GaussianMixtureModel

lumicks.pylake.GaussianMixtureModel

class GaussianMixtureModel(data, n_states, init_method, n_init, tol, max_iter)

A wrapper around sklearn.mixture.GaussianMixture.

This model accepts a 1D array as training data. The state parameters are sorted according to state mean in order to facilitate comparison of models with different number of states or trained on different datasets. As the current implementation is designed to specifically handle 1D data, model parameters are also returned as 1D arrays (numpy.squeeze() is applied to the results) so that users do not have to be concerned with the shape of the output results.

Warning

This is early access alpha functionality. While usable, this has not yet been tested in a large number of different scenarios. The API can still be subject to change without any prior deprecation notice! If you use this functionality keep a close eye on the changelog for any changes that may affect your analysis.

Parameters
  • data (numpy.ndarray) – Data array used for model training.

  • n_states (int) – The number of Gaussian components in the model.

  • init_method ({'kmeans', 'random'}) –

    • “kmeans” : parameters are initialized via k-means algorithm

    • ”random” : parameters are initialized randomly

  • n_init (int) – The number of initializations to perform.

  • tol (float) – The tolerance for training convergence.

  • max_iter (int) – The maximum number of iterations to perform.

extract_dwell_times(trace, *, exclude_ambiguous_dwells=True)

Calculate lists of dwelltimes for each state in a time-ordered statepath array.

Parameters
  • trace (Slice) – Channel data to be analyzed.

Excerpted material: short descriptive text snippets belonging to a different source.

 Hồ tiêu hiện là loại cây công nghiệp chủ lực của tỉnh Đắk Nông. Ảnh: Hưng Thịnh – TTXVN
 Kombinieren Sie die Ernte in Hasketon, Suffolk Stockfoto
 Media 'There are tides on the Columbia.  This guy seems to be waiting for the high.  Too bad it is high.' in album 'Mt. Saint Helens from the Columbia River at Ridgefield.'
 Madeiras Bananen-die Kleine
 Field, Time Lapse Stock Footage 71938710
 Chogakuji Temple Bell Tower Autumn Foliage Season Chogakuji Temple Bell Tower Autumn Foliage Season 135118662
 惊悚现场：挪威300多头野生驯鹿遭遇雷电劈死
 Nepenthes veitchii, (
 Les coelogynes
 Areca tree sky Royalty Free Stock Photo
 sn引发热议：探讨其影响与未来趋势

  • exclude_ambiguous_dwells (bool) – Determines whether to exclude dwelltimes which are not exactly determined. If True, the first and last dwells are not used in the analysis, since the exact start/stop times of these events are not definitively known.

Returns

Dictionary of all dwell times (in seconds) for each state. Keys are state labels.

Return type

dict

classmethod from_channel(slc, n_states, init_method='kmeans', n_init=1, tol=0.001, max_iter=100)

Initialize a model from channel data.

Parameters
  • slc (Slice) – Channel data used for model training.

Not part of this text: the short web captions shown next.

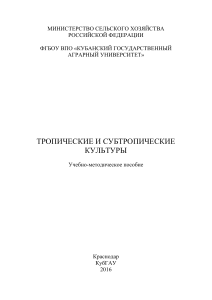 Тропические и субтропические культуры: Учебно-методическое пособие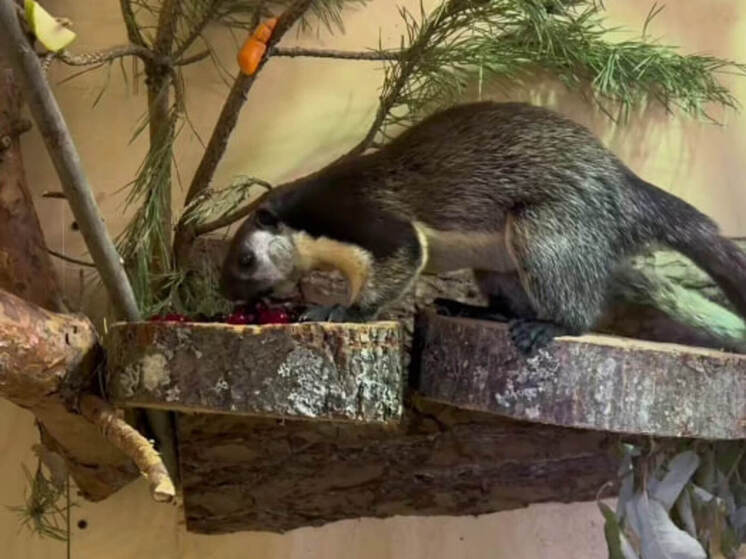 Гигантская двухцветная белка поселилась в Ленинградском зоопарке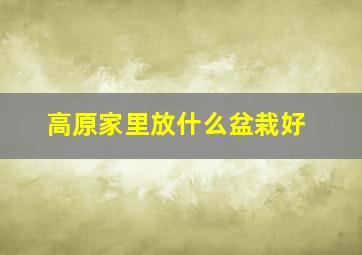 高原家里放什么盆栽好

  • n_states (int) – The number of Gaussian components in the model.

  • init_method ({'kmeans', 'random'}) –

    • “kmeans” : parameters are initialized via k-means algorithm

    • ”random” : parameters are initialized randomly

  • n_init (int) – The number of initializations to perform.

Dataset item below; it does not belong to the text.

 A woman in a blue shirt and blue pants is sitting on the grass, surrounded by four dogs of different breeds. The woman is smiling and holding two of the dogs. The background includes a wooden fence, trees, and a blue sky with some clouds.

  • tol (float) – The tolerance for training convergence.

  • max_iter (int) – The maximum number of iterations to perform.

hist(trace, n_bins=100, plot_kwargs=None, hist_kwargs=None)

Plot a histogram of the data overlaid with the model PDF.

Parameters
  • trace (Slice) – Data object to histogram.

  • n_bins (int) – Number of histogram bins.

  • plot_kwargs (Optional[dict]) – Plotting keyword arguments passed to the PDF line plot.

  • hist_kwargs (Optional[dict]) – Plotting keyword arguments passed to the histogram plot.

label(trace)

Label channel data as states.

Parameters

trace (Slice) – Channel data to label.

pdf(x)

Calculate the Probability Distribution Function (PDF) given the independent data array x.

Parameters

x (numpy.ndarray) – Array of independent variable values at which to calculate the PDF.

Returns

PDF array split into components for each state with shape (n_states, x.size). The full normalized PDF can be calculated by summing across rows.

Return type

numpy.ndarray

plot(trace, trace_kwargs=None, label_kwargs=None)

Plot a time trace with each data point labeled with the state assignment.

Parameters
  • trace (Slice) – Data object to histogram.

  • trace_kwargs (Optional[dict]) – Plotting keyword arguments passed to the data line plot.

  • label_kwargs (Optional[dict]) – Plotting keyword arguments passed to the state labels plot.

property aic: float

Calculates the Akaike Information Criterion:

\[AIC = 2 k - 2 \ln{(L)}\]

Where k refers to the number of parameters, n to the number of observations (or data points) and L to the maximized value of the likelihood function.

property bic: float

Calculates the Bayesian Information Criterion:

\[BIC = k \ln{(n)} - 2 \ln{(L)}\]

Where k refers to the number of parameters, n to the number of observations (or data points) and L to the maximized value of the likelihood function

property exit_flag: dict

Model optimization information.

property means: numpy.ndarray

Model state means.

property std: numpy.ndarray

Model state standard deviations.

property variances: numpy.ndarray

Model state variances.

property weights: numpy.ndarray

Model state weights.